- EXERCISE:
From the records below, please print only the lines from the one containing "Photo 9 from" through the one containing "Cocoarm Spring Balancer", both included. Skip the pictures.

- DATA:
━━━━━━━━━━━━━━━━━━━━

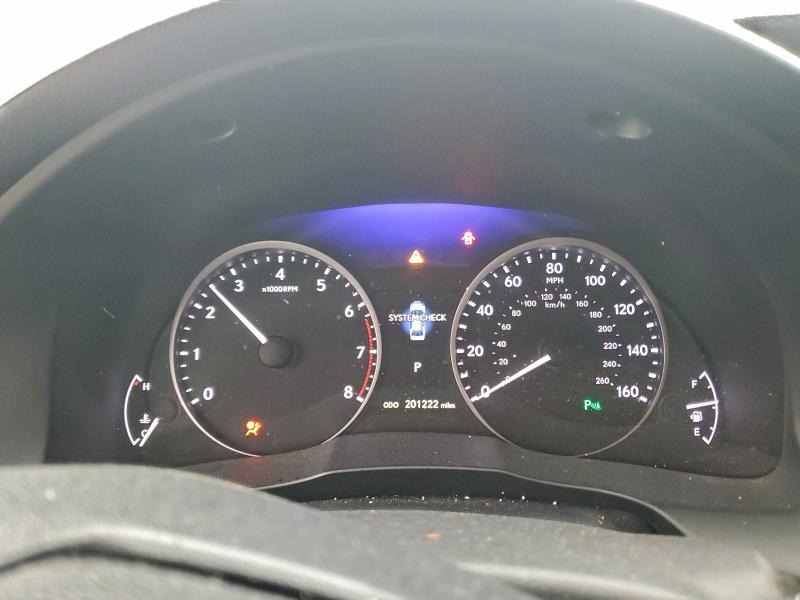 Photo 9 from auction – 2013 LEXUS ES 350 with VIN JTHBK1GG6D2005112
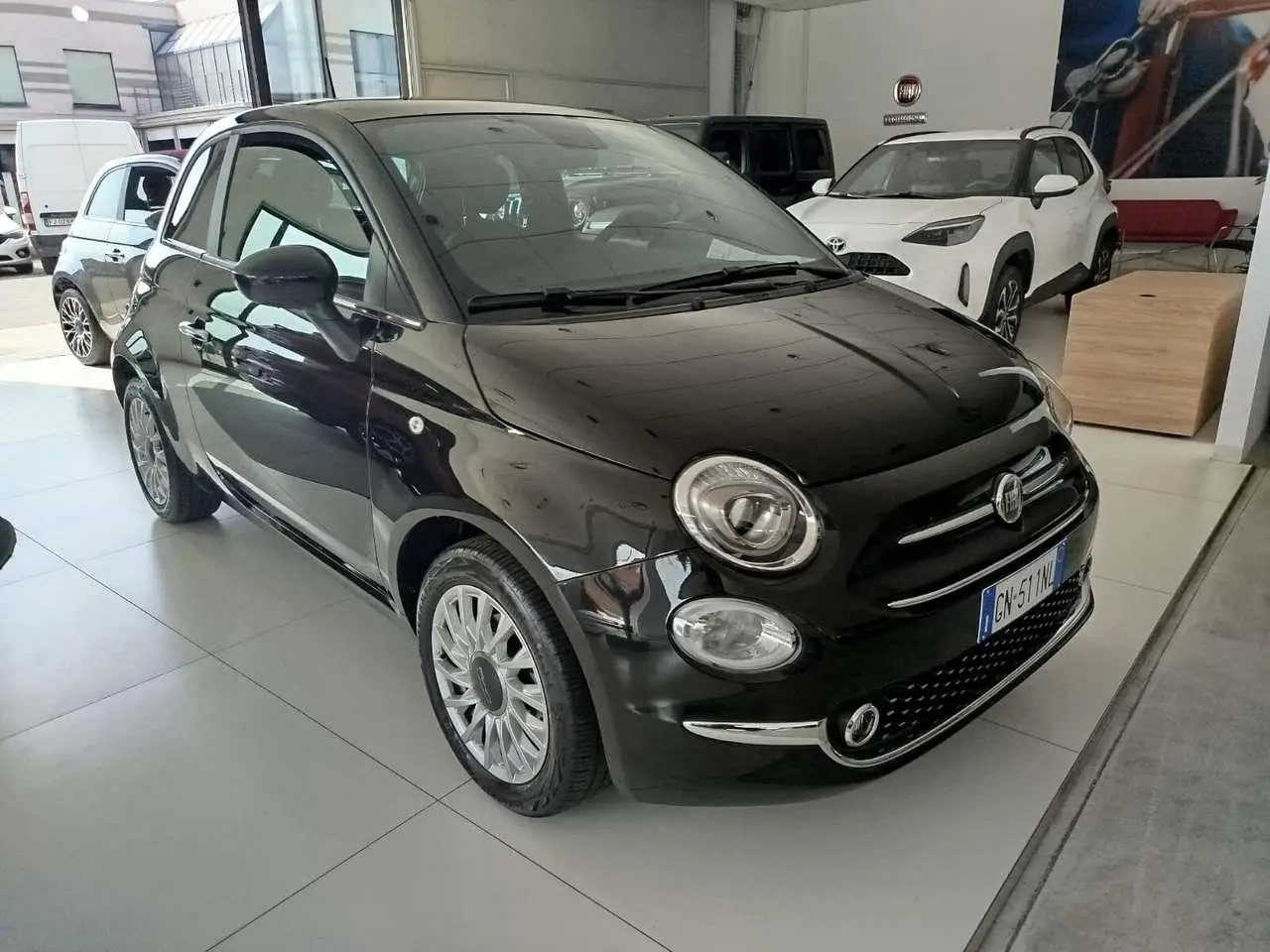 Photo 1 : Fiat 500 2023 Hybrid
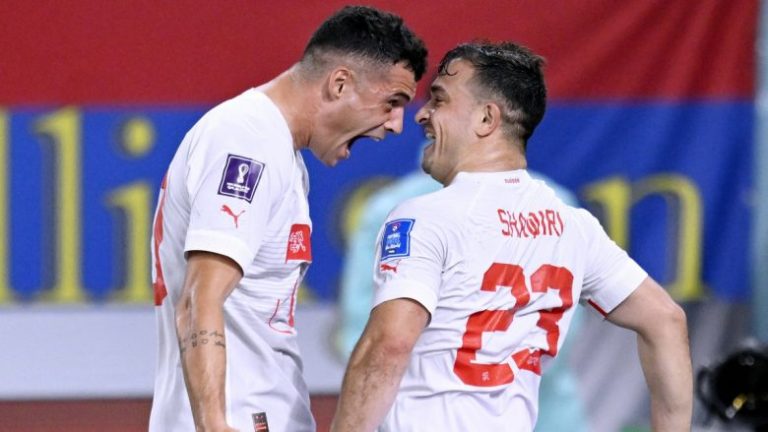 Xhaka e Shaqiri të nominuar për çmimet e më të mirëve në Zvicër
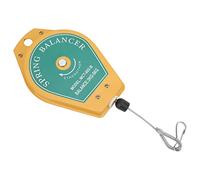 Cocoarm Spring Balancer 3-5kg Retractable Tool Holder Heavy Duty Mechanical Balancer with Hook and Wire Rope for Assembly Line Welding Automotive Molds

━━━━━━━━━━━━━━━━━━━━

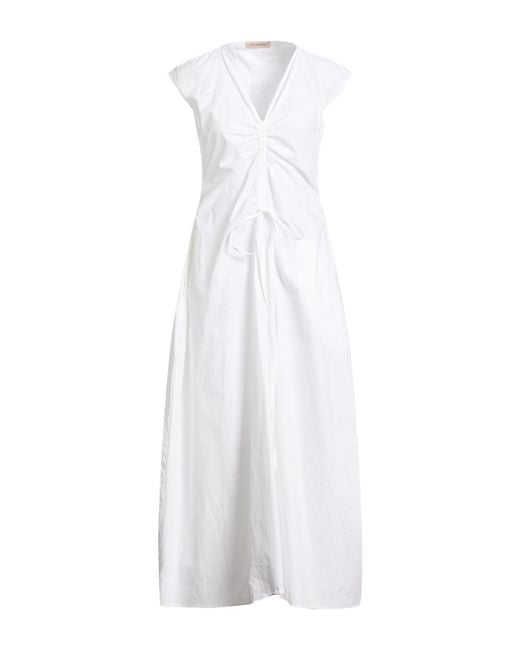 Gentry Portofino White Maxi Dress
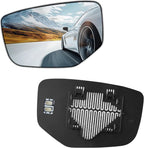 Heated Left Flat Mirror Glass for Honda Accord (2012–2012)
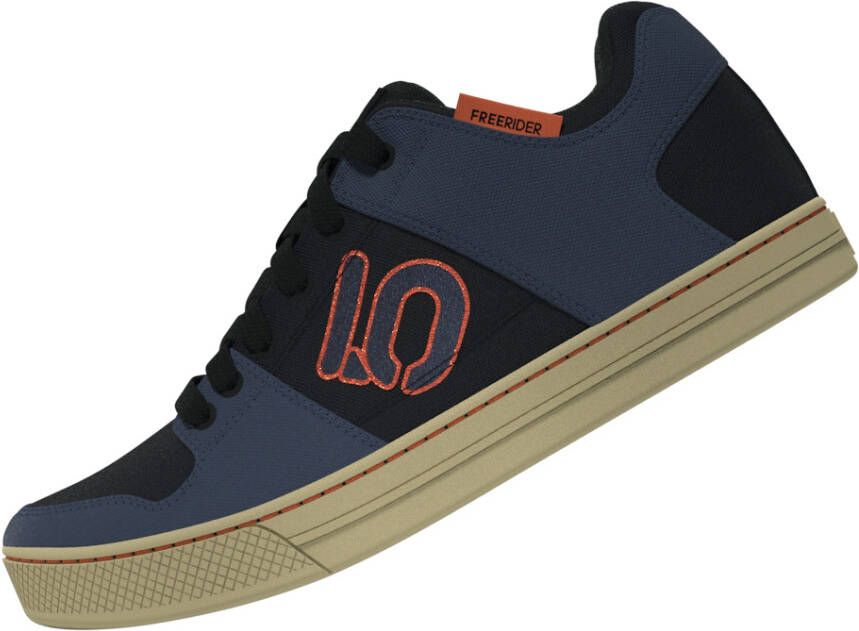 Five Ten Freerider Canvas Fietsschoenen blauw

━━━━━━━━━━━━━━━━━━━━

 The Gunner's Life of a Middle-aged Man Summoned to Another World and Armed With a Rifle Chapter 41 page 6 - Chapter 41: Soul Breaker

━━━━━━━━━━━━━━━━━━━━

- EXPECTED OUTPUT:
 Photo 9 from auction – 2013 LEXUS ES 350 with VIN JTHBK1GG6D2005112
 Photo 1 : Fiat 500 2023 Hybrid
 Xhaka e Shaqiri të nominuar për çmimet e më të mirëve në Zvicër
 Cocoarm Spring Balancer 3-5kg Retractable Tool Holder Heavy Duty Mechanical Balancer with Hook and Wire Rope for Assembly Line Welding Automotive Molds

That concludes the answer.